Minimal EWF "driver" in pure Python, to depict inner working of EWF (Evidence Witness Forensic) / Encase file format.
Code written as example for this article in French magazine MISC MAG #117 : https://connect.ed-diamond.com/misc/misc-117/description-du-format-de-stockage-forensique-encase-ewf
>python ewf.py -h
usage: ewf.py [-h] [-v VERBOSE] [-c] imagefile
positional arguments:
imagefile image file
optional arguments:
-h, --help show this help message and exit
-v VERBOSE verbose level
-c verify adler32 checksums
on an USB dump in 3 segments : usb.E01 to usb.E03 :
>python ewf.py -v 1 usb.E01
usb.E01
header(signature=b'EVF\t\r\n\xff\x00', one=1, segment_num=1, zero=0)

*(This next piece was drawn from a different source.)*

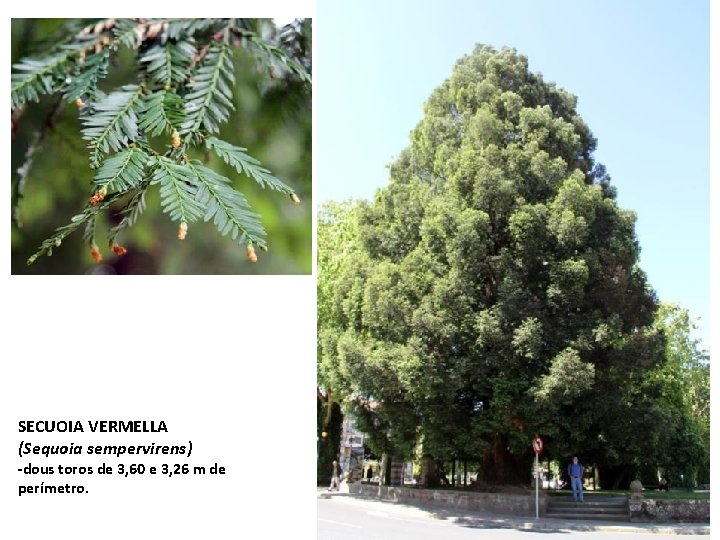 SECUOIA VERMELLA (Sequoia sempervirens) -dous toros de 3, 60 e 3, 26 m de SECUOIA VERMELLA (Sequoia sempervirens) -dous toros de 3, 60 e 3, 26 m de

0x00000059: type:b'header2\x00\x00\x00\x00\x00\x00\x00\x00\x00' next:fe ize:f1
0x000000fe: type:b'header2\x00\x00\x00\x00\x00\x00\x00\x00\x00' ext:1ef size:f1
0x000001ef: type:b'header\x00\x00\x00\x00\x00\x00\x00\x00\x00\x00' next:28a size:9b
0x0000028a: type:b'volume\x00\x00\x00\x00\x00\x00\x00\x00\x00\x00' next:6f2 size:468
0x000006f2: type:b'sectors\x00\x00\x00\x00\x00\x00\x00\x00\x00' next:5db7e7cf size:5db7e0dd
0x5db7e7cf: type:b'table\x00\x00\x00\x00\x00\x00\x00\x00\x00\x00\x00' next:5dbbb3d7 size:3cc08
0x5dbbb3d7: type:b'table2\x00\x00\x00\x00\x00\x00\x00\x00\x00\x00' next:5dbf7fdf size:3cc08
0x5dbf7fdf: type:b'next\x00\x00\x00\x00\x00\x00\x00\x00\x00\x00\x00\x00' next:5dbf7fdf size:0
usb.E02
header(signature=b'EVF\t\r\n\xff\x00', one=1, segment_num=2, zero=0)
0x00000059: type:b'data\x00\x00\x00\x00\x00\x00\x00\x00\x00\x00\x00\x00' next:475 size:468
0x00000475: type:b'sectors\x00\x00\x00\x00\x00\x00\x00\x00\x00' next:5db993ee size:5db98f79
0x5db993ee: type:b'table\x00\x00\x00\x00\x00\x00\x00\x00\x00\x00\x00' next:5dbcb42a size:3203c
0x5dbcb42a: type:b'table2\x00\x00\x00\x00\x00\x00\x00\x00\x00\x00' next:5dbfd466 size:3203c
0x5dbfd466: type:b'next\x00\x00\x00\x00\x00\x00\x00\x00\x00\x00\x00\x00' next:5dbfd466 size:0
usb.E03
header(signature=b'EVF\t\r\n\xff\x00', one=1, segment_num=3, zero=0)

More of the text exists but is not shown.